Evaluating the Effects of Flexible Learning about Aseptic Compounding on First-year Students in a Pharmacy Skills Laboratory

INTRODUCTION

When students begin a course of study, they bring an array of prior experience, learning preferences, learning needs, and personal characteristics. Educators can help address these differences by incorporating varying degrees of flexibility into a learning environment.¹ Providing learners with choices is a key element of the concept of flexible learning.^1-3 These choices can relate to how, when, where, and what is learned. When these kinds of choices are included, learners are empowered to make more of their own decisions related to learning.¹ Studies have shown that students feel instructional materials in a flexible format offer more control and support course outcomes.^4,5

The use of audio-visual resources can be used to create flexible learning experiences. Web-based, on-demand audio and video formats allow students to control the pace at which they consume content, as well as determine when and where they view it.⁴ Abdous et al suggest that recorded podcasts are useful for review, provide more flexible access to learning materials than traditional formats, and can be used to compliment other course resources.⁶ McKinney and Page found that more than 60% of students in a nursing class appreciated being able to access lectures from home, and 89% reported that the recordings aided their understanding of pathophysiology.⁷ Similarly, in Bolliger et al’s study, the use of podcasts led graduate and undergraduate students to feel confident they understood what they were supposed to learn from the instruction in an online course.⁸

Although learner satisfaction with online video is a prevalent theme in the literature, reporting on direct measures of learning (course performance) has been less consistent.

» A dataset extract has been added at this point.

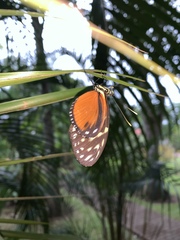 Heliconius hecale zuleika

Traphaganet al reported that, for students who had access to lecture videos, more video viewing was linked with higher performance.⁹ Similarly, pharmacotherapy students who were given access to a series of renal-pharmacotherapy videos to be watched prior to in-class activities performed significantly better on the renal examination section than students from the prior year who had no access to the videos or in-class activities.¹⁰ However, several studies conducted in health professions learning environments, including a physical therapy course, nursing course, and undergraduate medical course, found no significant difference in performance, as measured by examination scores, between students who had access to on-demand, audio-visual resources and those who only received live instruction.^11-13 Additionally, a study of undergraduate geography students found no significant differences in examination scores prior to and after adoption of 6 podcasts.⁴

Studies considering the relationship between technology and learner self-efficacy also have relevance to the present study. Research suggests that self-efficacy, an individual’s perception of his or her ability to produce a particular outcome, is a powerful predictor of academic performance.^14,15 Bandura argued that self-efficacy influences cognitive processes and learner success.¹⁶ Several studies looked specifically at the effects of technology on learner self-efficacy. Isiksal and Askar suggested a link between the use of geometry software and students’ mathematics self-efficacy when compared with a group who received only traditional instruction. Cauble and Thurston found interactive multimedia lessons provided multiple benefits to students such as influencing their confidence level and sense of competence.^17,18 Additionally, providing learners with the ability to manipulate elements within a multimedia learning tool has a significant impact on learner self-efficacy.¹⁹ bosse et al found training involving the use of instructional video, specifically improved the self-efficacy of problem-based learning (PBL) tutors in terms of techniques for dealing with difficult situations in PBL environments.²⁰

A literature search revealed a knowledge gap regarding the use of on-demand recordings to increase flexibility in a pharmacy skills laboratory. The primary objective of this project was to determine the effect of flexible learning through supplemental online videos about aseptic compounding techniques on student performance in such a laboratory. The secondary objective was to determine the effects of the same videos on student self-confidence. Investigators hypothesized that students who accessed videos would have improved final assessment scores as well as increased self-confidence.

DESIGN

The doctor of pharmacy (PharmD) program at the University of Georgia College of Pharmacy requires 5 semesters of pharmacy practice skills laboratory. Two semesters are offered in the first (P1) year, two in the second (P2) year, and one in the third (P3) year. Class sizes average 145 students. Four laboratory sections of are available each week and each section is offered 8 times over 2 weeks to reduce the number of learners to approximately 20 per section. Aseptic compounding is introduced in the first semester of the P1 year. All students enrolled in skills laboratory courses are also enrolled in a parallel online course via the course management system, Desire 2 Learn (D2L, Kitchener, Ontario, Canada). Assignments, handouts, and assessments are available to learners through this technology.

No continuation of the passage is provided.